91ec7f93fea654631795b01d8806330c

This picture haunted the famous Russian author Fyodor Dostoyevsky after he saw it in a museum.  He put his thoughts about it in the mouth of one of the characters in his novel “The Idiot”.

“A man could even lose his faith from that painting.”

and

When you look at the corpse of this tortured man, a particular and curious question arises: if all his disciples, his chief future apostles, if the women who followed him and stood by the cross, if all those who believed in him and worshipped him had seen a corpse like that…how could they believe, looking at such a corpse, that this sufferer would resurrect?

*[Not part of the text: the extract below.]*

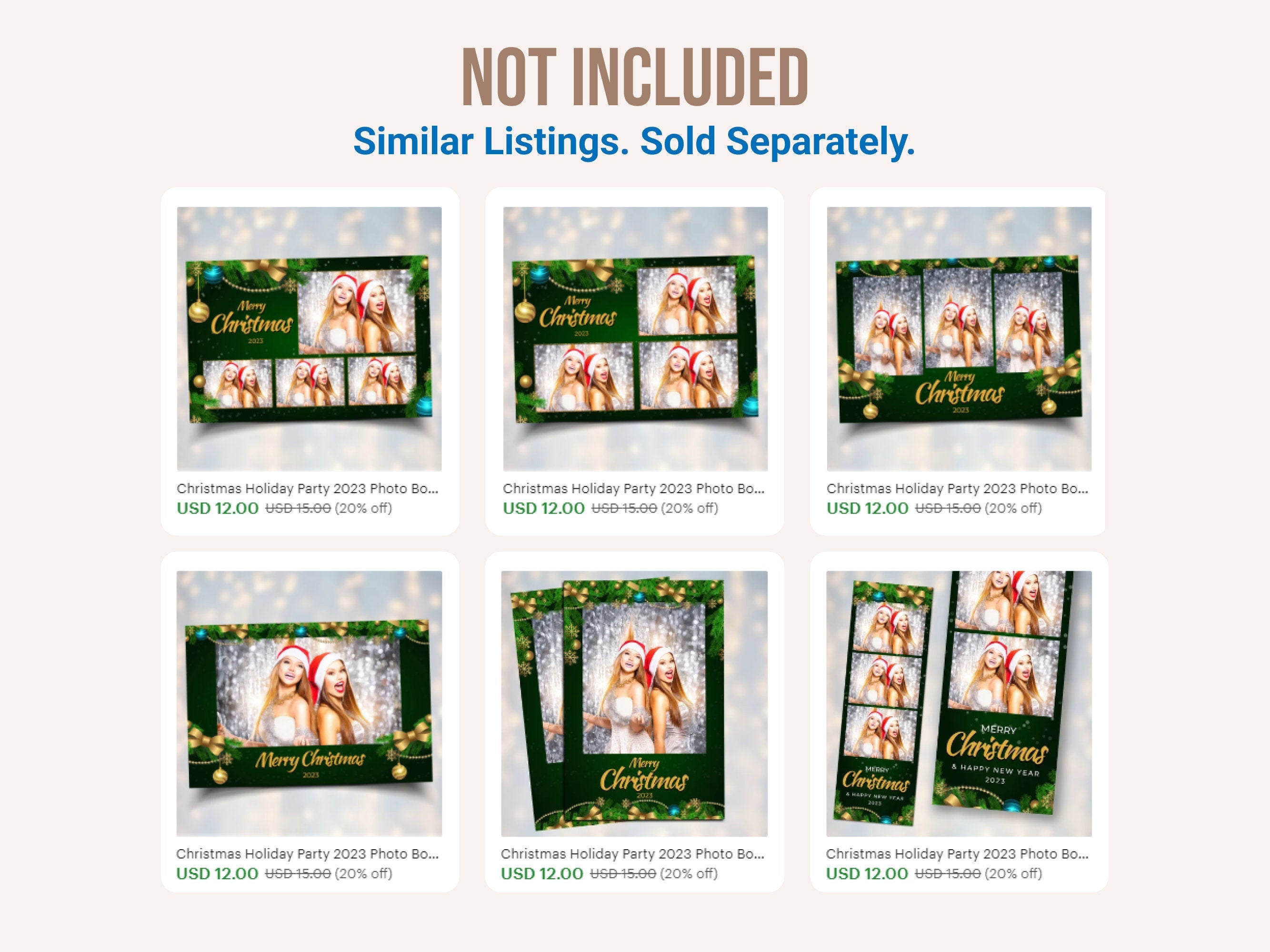 Christmas Holiday Party 2023 Photo Booth Template Green Gold Corporate Party Photobooth 4x6 Portrait Single Photo Mirror booth template CM5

But that is exactly the point. They didn’t think he would resurrect. He was dead.  He was a corpse.  We’ve all peered into a coffin and looked a corpse in the face wondering where they were.  IF they were.  As in…is there life after death or is this all there is?  Even the most devout Christians wonder sometimes. That was part of the reason Jesus came and lived….and died as one of us. As the Son of Man.  He showed us that death is not the end.  Hebrews 2

14Since the children have flesh and blood, he too shared in their humanity so that by his death he might destroy him who holds the power of death—that is, the devil— 15and free those who all their lives were held in slavery by their fear of death. 16For surely it is not angels he helps, but Abraham’s descendants. 17For this reason he had to be made like his brothers in every way, in order that he might become a merciful and faithful high priest in service to God.

Death where is your victory?  Where is your sting?